Trump to meet 700 evangelical leaders at 'Pastors and Pews' gathering

Republican presidential nominee Donald Trump is set to attend a meeting of 700 evangelical pastorsReuters

Donald Trump is set to meet some 700 evangelical pastors tomorrow at a gathering in Florida hosted by the American Renewal Project (ARP).

Bloomberg said that the 'Pastors and Pews' meeting would be a "friendly room" for the Republican presidential nominee, largely based on his promise to repeal the Johnson amendment which prohibits churches from using their tax-exempt resources to promote political candidates.

"That's a good first step," David Lane, the American Renewal Project's founder, told Bloomberg. "But what about the religious liberty of Christian photographers, Christian bakers, Christian retreat centres, and pastors who believe same-sex intercourse and marriage is sin? These Christians were simply living out their deeply held convictions of their Christian faith when they politely refused to provide services for a same-sex wedding. Doesn't the First Amendment give us all a right to our beliefs?"

Controversially, Lane added: "Homosexual totalitarianism is out of the closet, the militants are trying herd Christians there."

The Pastors and Pews gatherings of pastors and their spouses became influential in the 2012 election cycle in the US, as a way of pushing a conservative, Bible-based agenda on politicians and voters.

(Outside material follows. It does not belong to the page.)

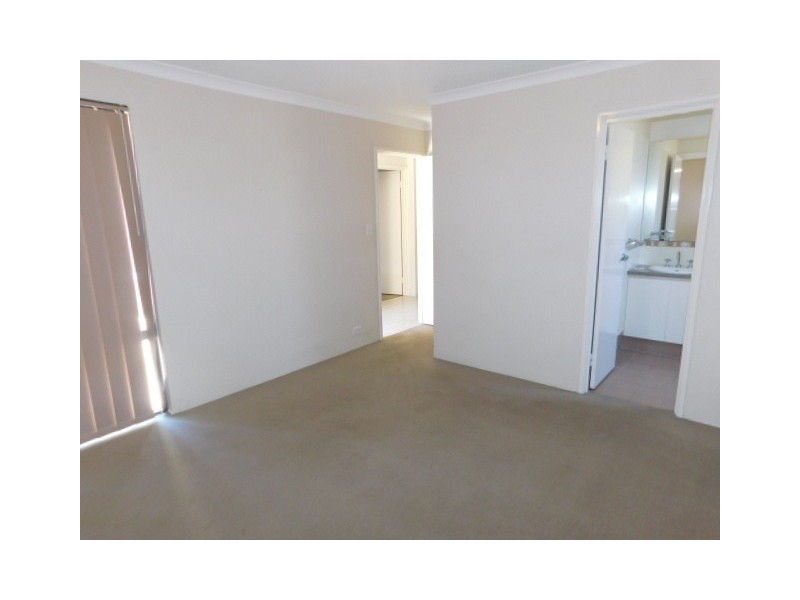 4 PLAYDEN WAY, Balga WA 6061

Of the 2016 candidates, those who attended were Texas Senator Ted Cruz, former Arkansas Governor Mike Huckabee, Kentucky Senator Rand Paul, then-Louisiana Governor Bobby Jindal, former Texas Governor Rick Perry, and Florida Senator Marco Rubio.

Lane said that Hillary Clinton, the Democratic nominee was invited to the conference on Thursday and Friday but she appears to have declined the invitation.

According to a recent Pew Research Centre survey, Trump leads Clinton by among white evangelicals and a more recent poll by the Washington Post and ABC News conducted between 1-4 August shows that lead to be 76 per cent to 18 per cent. However, the same poll showed Clinton with an eight point lead overall, on 50 per cent to Trump's 42 per cent. 

Rubio is also set to join this week's Pastors and Pews gathering. Rubio's appearance is controversial among gay rights groups because, having said for months that he would not seek re-election to his Senate seat, he claimed to have changed his mind a week after the massacre at a gay nightclub on 12 June.

Answering his critics over his appearance at the meeting, Rubio told the Tampa Bay Times: "Leave it to the media and liberal activists to label a gathering of faith leaders as an anti-LGBT event. It is nothing of the sort. It is a celebration of faith."

After the Orlando shootings, Trump said: "Clinton wants to allow radical Islamic terrorists to pour into our country—they enslave women, and murder gays. I don't want them in our country".

Trump was reportedly persuaded to join tomorrow's event by Liberty University president Jerry Falwell Jr.